Depuis plusieurs années, Michel Lallement a choisi de mobiliser les outils de la sociologie du travail pour étudier les « utopies concrètes », à travers des immersions dans plusieurs communautés ou collectifs de travail, ou une analyse sociohistorique d’expériences utopiques de travail. Ses travaux nous fournissent des pistes stimulantes pour penser la possibilité d’un travail émancipateur ; cela implique de déconstruire un ensemble de caractéristiques habituellement associées au travail (hiérarchie, contrainte, division…), pour penser le travail avant tout comme une nécessité, une activité porteuse d’utilité sociale. Dans cette perspective, le travail s’étend bien au-delà de l’emploi et englobe un faisceau de tâches qui sont habituellement reléguées au privé, à l’individuel (faire des courses, écrire, prendre soin des autres…).
Article
Mouvements : Vous êtes sociologue, et dans vos travaux de recherche vous étudiez le travail, entendu non seulement comme une activité salariée, mais aussi comme une activité productive et collective. Vous avez écrit sur différentes expériences utopiques (Familistère de Guise, hackerspaces et fablab) qui bouleversent ou pensent différemment l’organisation et la division du travail. Dans votre dernier livre, Un désir d’égalité (Seuil, 2019), vous vous êtes intéressé à des communautés anarchistes étasuniennes qui mettaient la question de l’égalité au cœur de leur principe de vie. Pourriez-vous nous dire comment ils pensent et se répartissent le travail ? Comment, dans ces « communautés intentionnelles », ils abordent les questions : qui fait quoi, pour qui, comment et pourquoi ? Comment la question du travail se pose et se pratique ?Michel Lallement : Avant d’entrer dans le vif du sujet, je voudrais faire des remarques préalables.
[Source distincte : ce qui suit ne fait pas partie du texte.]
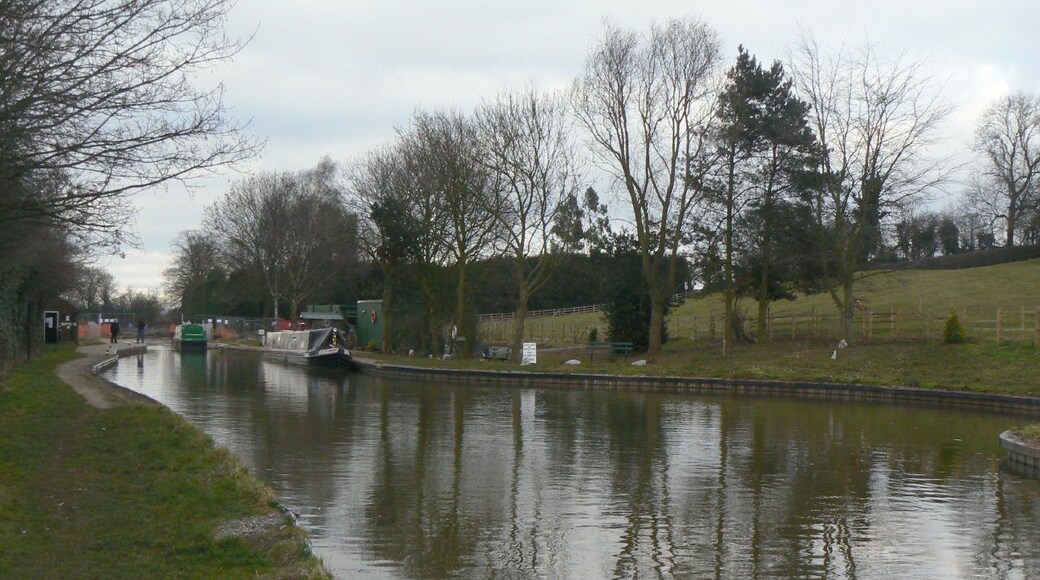 Ashby Canal, Snareston Basin The terminal basin at Snarestone with the newly constructed winding hole to the right. Compare with the situation in 1976 https://www.geograph.org.uk/photo/1649656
Tout d’abord, c’est que, dans ce que l’on appelle « communautés intentionnelles » aux États-Unis, et que l’on traduit en France par « communautés » tout court, le travail est une nécessité. Et quand il y a eu le revival communautaire, le retour des communautés à la fin des années 1960 et au début des années 1970 aux États-Unis, on a très bien vu que les communautés qui se sont implantées avec un refus de travailler n’ont pas duré très longtemps.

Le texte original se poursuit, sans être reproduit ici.